The Perylene family is relatively new to the exclusive pigment neighbourhood. The first Perylene was discovered in 1912 but didn’t move in until the 1950’s. Even then, it was not widely seen and only became part of the artist community in the 1980’s. Even today, their position is not as prominent as other families, such as the Cadmiums or Quinacridones. I suppose this is because of their shyness. They are beautiful, but not as heavily dense as the Cadmium (also considerably less dodgy) and not as showy as the Quinacridones.

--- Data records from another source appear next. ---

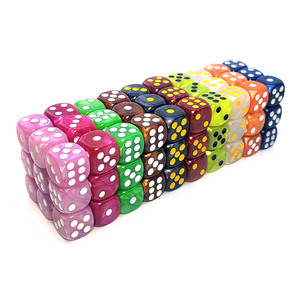 ลูกเต๋าเกม D6หินอ่อนสีฟ้าลูกเต๋า D6มาตรฐาน16มม. แบบกำหนดเอง - Product Image 6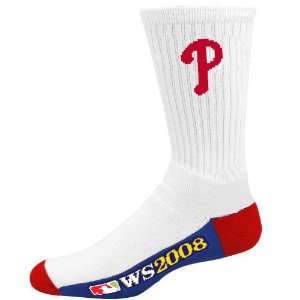   World Series Champions Mens 10 13 White Colorblock Socks Sports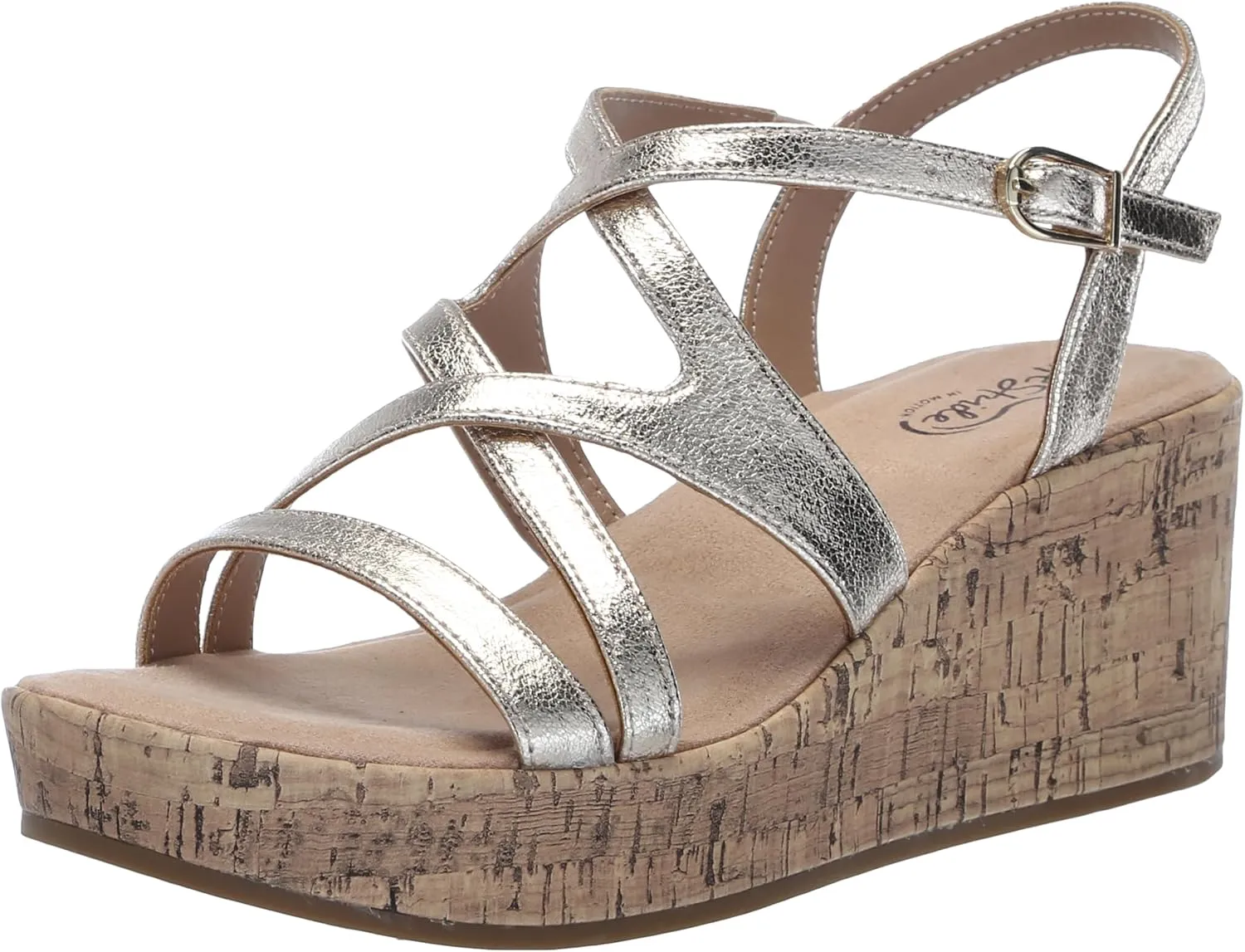 LifeStride Women's Bailey Strappy Platform Wedge Sandals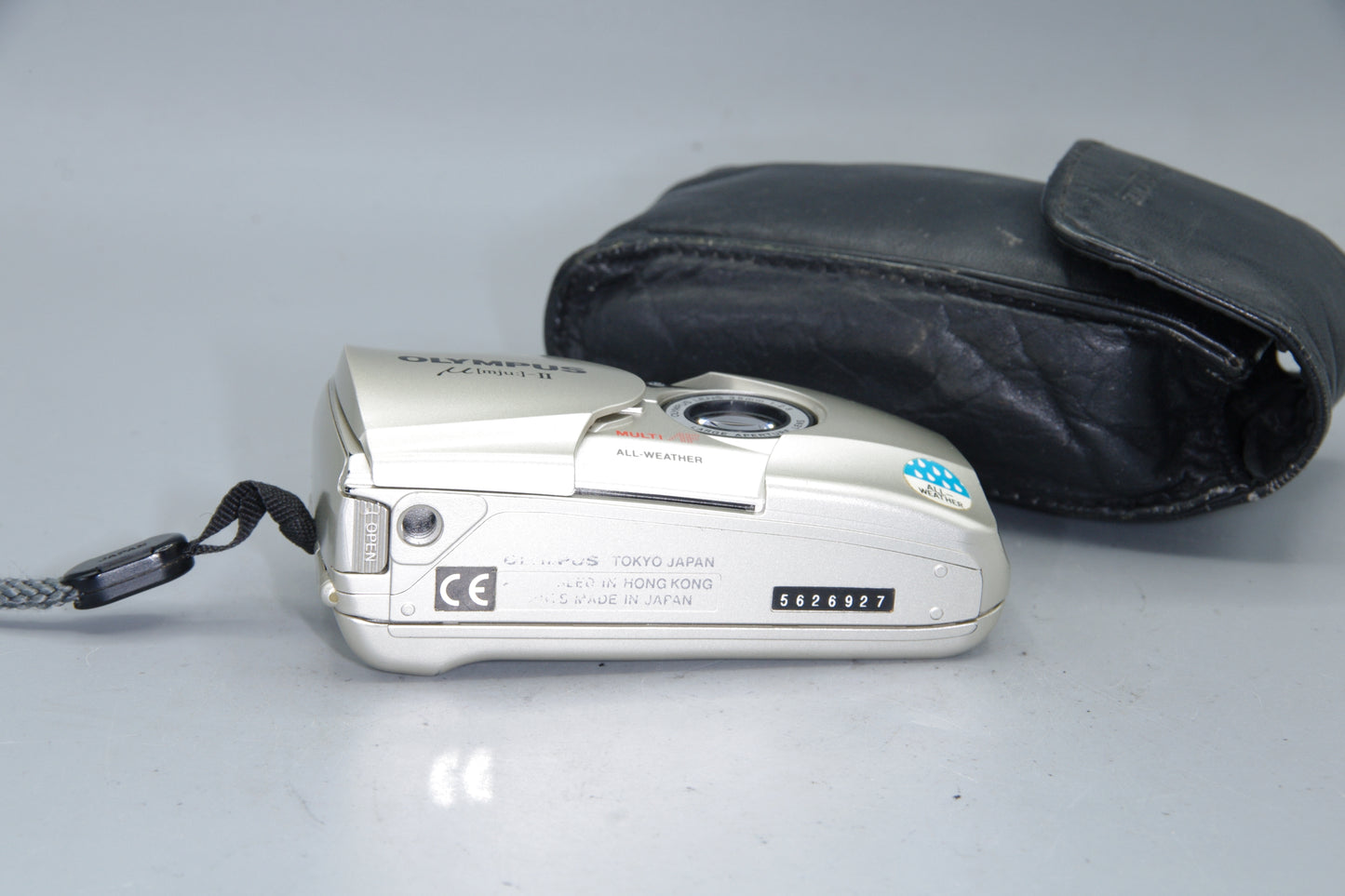 Olympus MJU II Champagne 35mm Film Camera with 35mm f2.8 Lens with Case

  • Perylene Green (PBk31)

I thought we might as well get rid of this one from the start. Perylene “green” is not a green but a black pigment with a green hue. Like most black pigments it is obtained by combustion, in this case burning a derivative of perylenetetracarboxylic, i.e. another Perylene. This is a bit of a mouthful and just means that like most blacks, it is made by burning some substance. As a result, the pigment is rather dusty and in my opinion not ideal for watercolour, even less for botanical painting. Shadows painted with Perylene Green will look flat and dirty, which doesn’t help with the difficult task of rendering the bright colours of fresh blooms.

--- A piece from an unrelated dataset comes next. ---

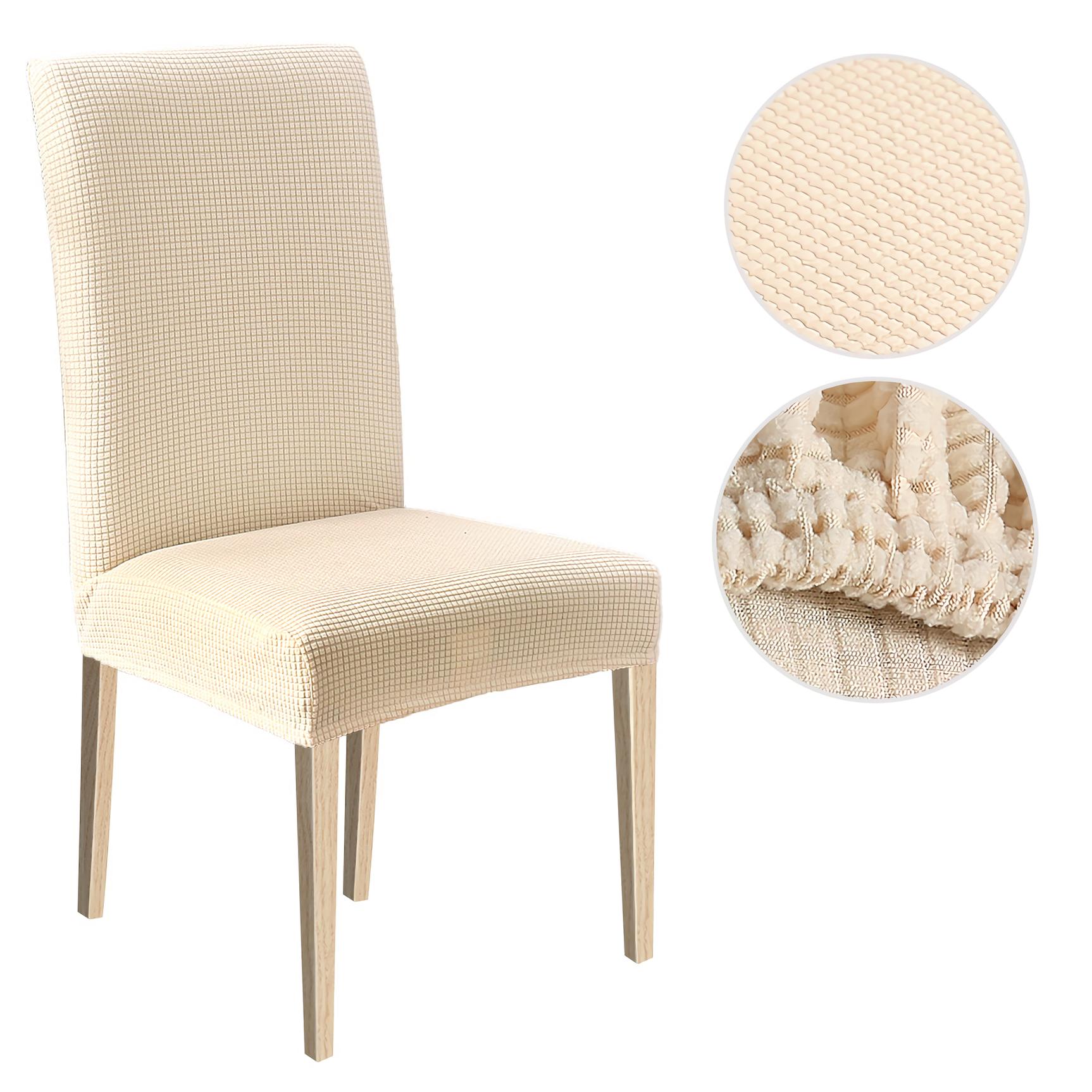 High Stretch Dining Chair Cover, 1/2/4/6pcs Jacquard Spandex Slipcover - Ornate Home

  • Perylene Scarlet (PR149)

Only Daniel Smith currently offers Perylene Scarlet. It is not part of my palette because its lightfastness is not as good as the other Perylenes’. It doesn’t seem to me like an irreplaceable colour and therefore not worth taking the risk of using a potentially fading paint.

perylene strips blog

  • Perylene Red (PR178)

A dullish red with pink undertones, this is a good pigment that I do not use often. This is probably because I am not attracted to red flowers, unless they have the deep crimson velvety texture of the most dramatic, heavily scented roses. However, I do use Perylene Red for fruit. Stripes on apples, blush on pears, leathery pomegranate skins, or any fruit for which a more common red would be too bright.

I use Daler-Rowney Perylene Red. Daniel Smith also offers a good version in their range.

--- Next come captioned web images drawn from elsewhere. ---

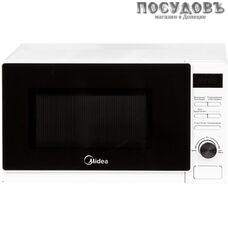 Midea AG720C4E-W отдельностоящая микроволновая печь, 700 Вт, с грилем 1000 Вт, 20 л, белая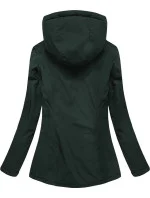 Zelená a tmavomodrá obojstranná prechodná bunda (7699)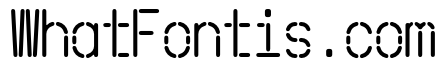 Schriftsystem StencilPill
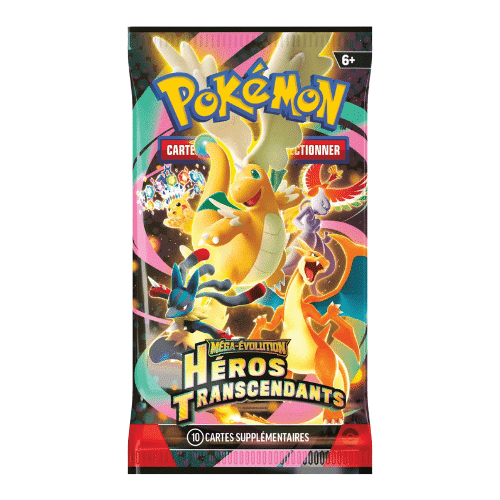 Pokémon – Coffret Méga-Évolution Héros Transcendants Collection avec pin’s Deluxe Premiers Partenaires – Image 3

  • Perylene Maroon (PR179)

This red maroon is even duller than Perylene red, but again, being a reliable pigment, it does have its uses. I don’t think that I would plant any flowers of that colour in my garden. However, I find it useful for the same kind of circumstances as Perylene Red, when the markings on the fruit are less pink red and more brick red. I also use it quite a lot for foliage, especially in autumn. I am actually looking at some rose foliage right now that has this exact red shade in the young shoots.

In my palette I have the Daler-Rowney version. It is also offered by Winsor & Newton and Daniel Smith.

windfall

  • Perylene Violet (PV29)

A rich purple maroon, perfect for hellebores, orchids and all black flowers like tulips and violas, it is also excellent to render the deep velvety texture of the dark roses mentioned above, such as ‘Deep secret’ and ‘Souvenir du Dr Jamain’.

Rose 'Souvenir du Dr Jamain' - A bit high maintenance for my kind of gardening but it makes me so happy that I give it the extra attention it requires. I also love the mysterious name... who was Dr Jamain?

Rose ‘Souvenir du Dr Jamain’ – A bit high maintenance for my kind of gardening but it makes me so happy that I give it the extra attention it requires. I also love the mysterious name… who was Dr Jamain?

Perylene Violet is the most versatile paint in my palette. I do not understand how watercolourists can live without it. It might even be difficult to find one of my paintings in which I haven’t used it. I can hear the chuckles of those amongst you who have been to my classes and who know that I use it in almost everything. It has even been suggested by the cheekiest that I pick my subjects specifically to allow me to use Perylene Violet. But I’m not sure… sitting in the garden now I can see it in so many plants: the foliages of a rose and a serious-looking Penstemon, a few Aquilegia blooms, a lingering dark red rose, some self-seeded all-invading cheeky-beyond-measure Erigeron, the stems of the ‘Zorro’ Hydrangea, the whole of the imposing Malus ‘Royalty’, the spectacular bark of the Prunus ‘Serrula’, the wood of the quince tree, the stalks of the honeysuckles and the Cyclamen, the tiny barely-existing-yet apples on the Malus ‘Blue Moon’ and of course ‘Souvenir du Dr Jamain’, just about to open fully… the list goes on but I wouldn’t want you to nod off…

As for my favourite version, I like the more saturated Winsor & Newton version than the slightly duller Daniel Smith paint. This might not be important for bark, stems and foliage, but when painting a flower it is important to use the most saturated colour available. It is always easier to dull down a bright colour than to brighten up a dull one.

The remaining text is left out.